A Voice for Men boldly opposes respect for women

Hardly a controversial message, you wouldn't think.

Hardly a controversial message, you wouldn’t think.

If you live in New York state, you may have seen the poster above plastered on a bus shelter; or you may have seen it posted somewhere on the internet. The message is pretty simple, and it’s sad that it has to be said: kids are pretty impressionable, so teach your sons to treat women with basic respect.

The purpose of the ad campaign, sponsored by the New York state Office for the Prevention of Domestic Violence, is pretty clear as well: teaching boys respect for women lessens the chances that they will abuse women as adults.

Numerous studies have found that men with sexist attitudes towards women are more likely to try to control their wives or girlfriends with physical abuse.
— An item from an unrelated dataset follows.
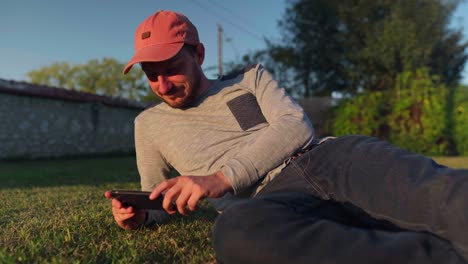 young man taking time out to relax outside and keeping entertained on smartphone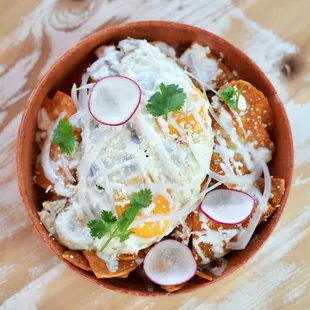 an overhead view of a bowl of food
Indeed, one recent study even found that brief exposure to sexist jokes made men more inclined to brush off violence against women, at least amongst men with sexist attitudes to begin with.

Speaking of which, the sexist jokes over at A Voice for Men have unveiled a hilarious new “meme,” which just happens to be inspired by the “awaiting instructions” PSAs we’ve been discussing. And here it is:

From A Voice for Men. I've blurrred the women's faces.

From A Voice for Men. I’ve blurrred the women’s faces.

The logic here is airtight: because some women get drunk and urinate in public, women don’t deserve respect.

I guess men never get drunk and urinate in public, or ever do anything vaguely embarrassing that gets caught on camera?

Is it really asking too much to respect people as people, foibles and all?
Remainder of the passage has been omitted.